## [DATA PROVIDED]
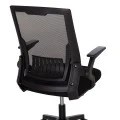 ΚΑΡΕΚΛΑ ΓΡΑΦΕΙΟΥ ZENITH HM1225.01 PP & MESH ΥΦΑΣΜΑ--ΜΑΥΡΟ 58x55x100Υεκ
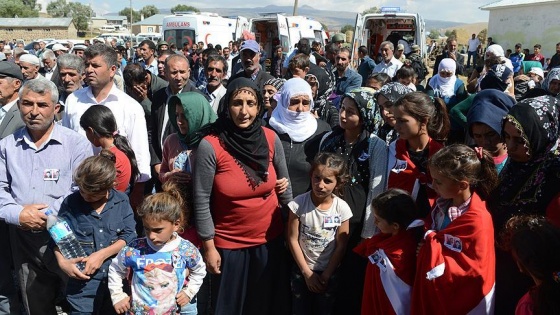 Üç şehit korucu geride 18 yetim bıraktı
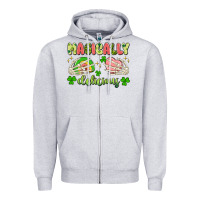 Heather Grey magically delicious Zipper Hoodie - Artiststas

## [WORK TO COMPLETE]
Wherever a picture appears, omit it; copy the rest of the data exactly.

## [ANSWER SECTION]
 ΚΑΡΕΚΛΑ ΓΡΑΦΕΙΟΥ ZENITH HM1225.01 PP & MESH ΥΦΑΣΜΑ--ΜΑΥΡΟ 58x55x100Υεκ
 Üç şehit korucu geride 18 yetim bıraktı
 Heather Grey magically delicious Zipper Hoodie - Artiststas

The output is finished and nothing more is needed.